The number of divisors of 240 in the form 4n + 2, (n ≥ 0) is equal to:

• A) 4
• B) 8
• C) 10
• D) 3

To find the number of divisors of 240 that are in the form of 4n + 2, we first need to determine the prime factorization of 240.

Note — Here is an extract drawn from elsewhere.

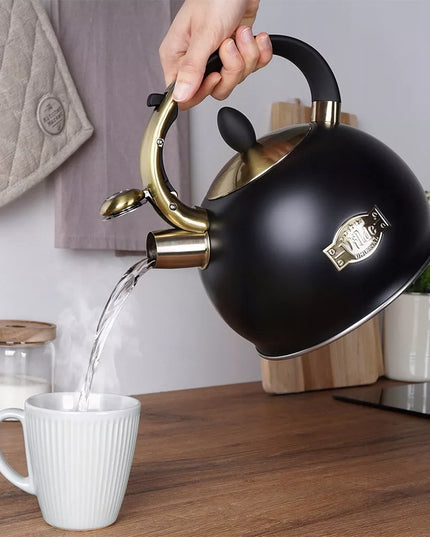Tradicinis arbatinukas su švilpuku vandeniui virti ant dujinės ir indukcinės viryklės, juodas, 3L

Prime Factorization of 240

The prime factorization of 240 is:

• 240 = 2^4 × 3^1 × 5^1

Identifying Divisors

Divisors of 240 can be expressed in the form:

• 2^a × 3^b × 5^c

where:

• 0 ≤ a ≤ 4
• 0 ≤ b ≤ 1
• 0 ≤ c ≤ 1

Form of 4n + 2

Divisors in the form of 4n + 2 must be even and not divisible by 4. This means:

• The exponent of 2 (a) must be exactly 1 (since 2^1 = 2, which is of the form 4n + 2).

Calculating Valid Combinations

Now, we can choose values for b and c:

• For b (the exponent of 3), we can have 0 or 1 (2 choices).
• For c (the exponent of 5), we can also have 0 or 1 (2 choices).

Total Combinations

The total number of divisors of the form 4n + 2 is:

• 1 (for a = 1) × 2 (for b) × 2 (for c) = 4

Thus, the number of divisors of 240 in the form 4n + 2 is 4.

The correct answer is A) 4.